EXERCISE OBJECTIVE:
Output the records exactly, and drop each picture.

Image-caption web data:
________________________

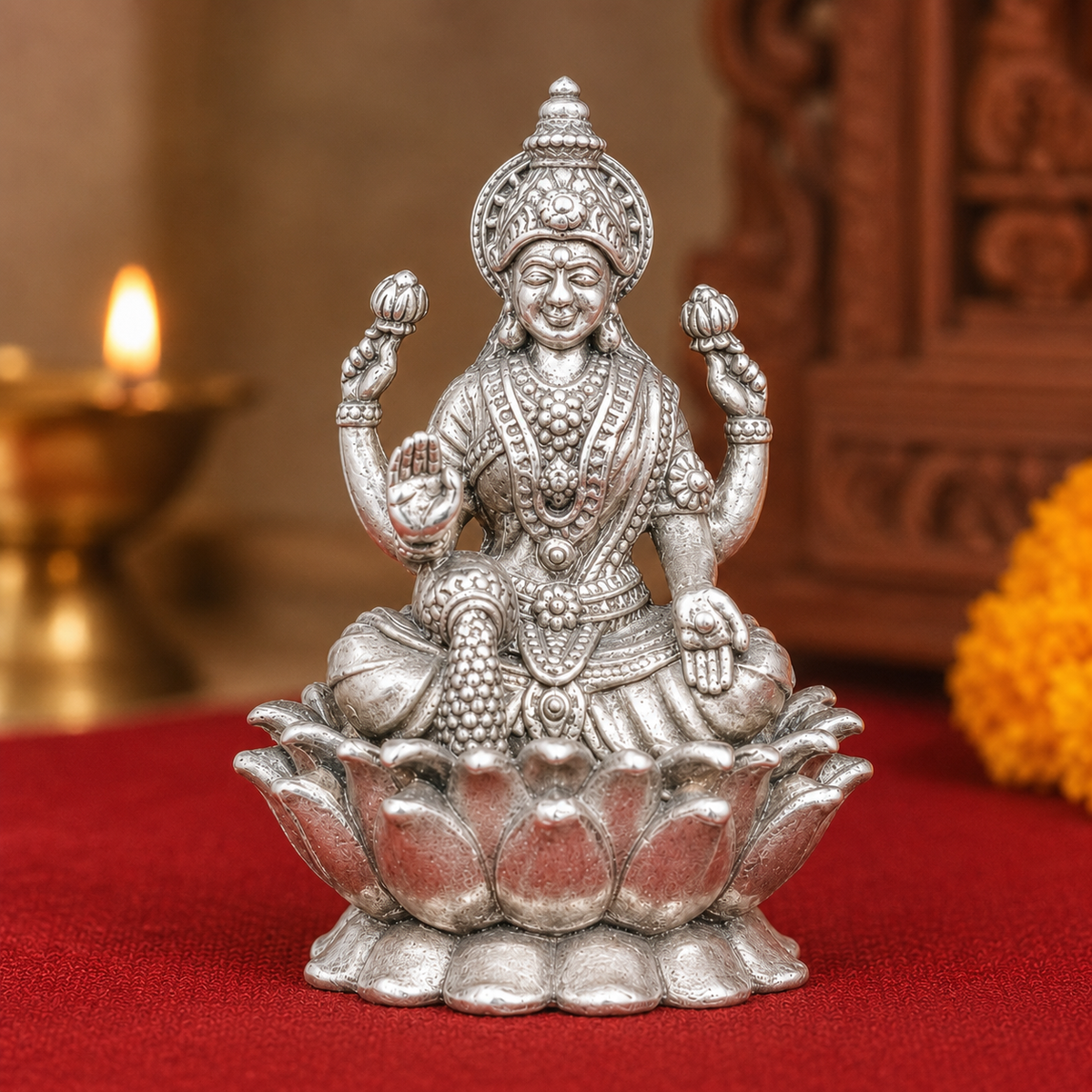 925 silver Lakshmi goddess murti with four arms seated on a lotus on red cloth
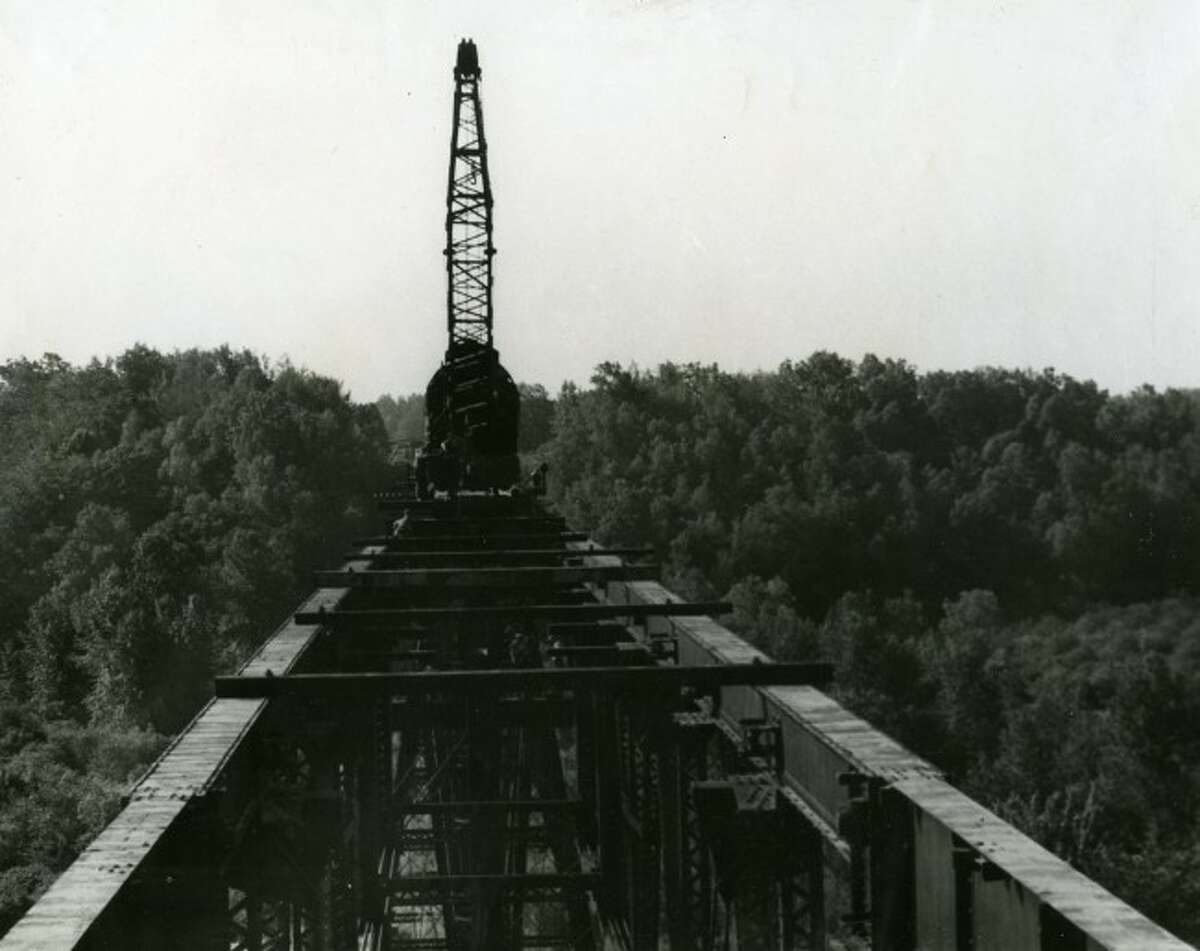Shown is the dismantling of the High Bridge railroad structure in the 1950s.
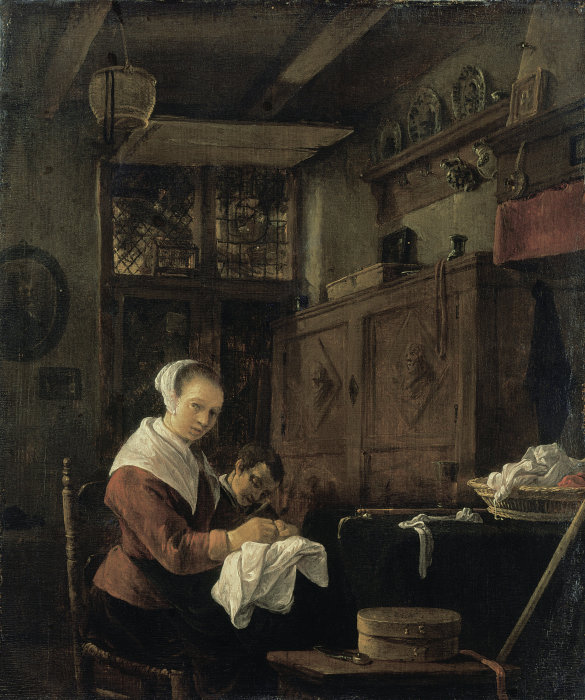 Woman at Her Sewing Table à Thomas Wijck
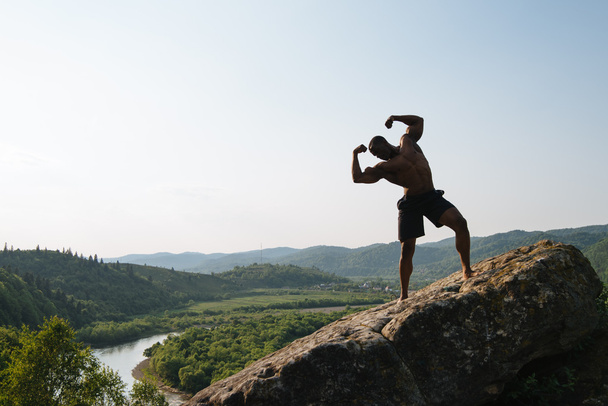 Silhouette de bodybuilder afro-américain avec torse nu posant sur le rocher. Montagne verte nature fond
 - Photo, image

________________________

EXPECTED ANSWER:
 925 silver Lakshmi goddess murti with four arms seated on a lotus on red cloth
Shown is the dismantling of the High Bridge railroad structure in the 1950s.
 Woman at Her Sewing Table à Thomas Wijck
 Silhouette de bodybuilder afro-américain avec torse nu posant sur le rocher. Montagne verte nature fond
 - Photo, image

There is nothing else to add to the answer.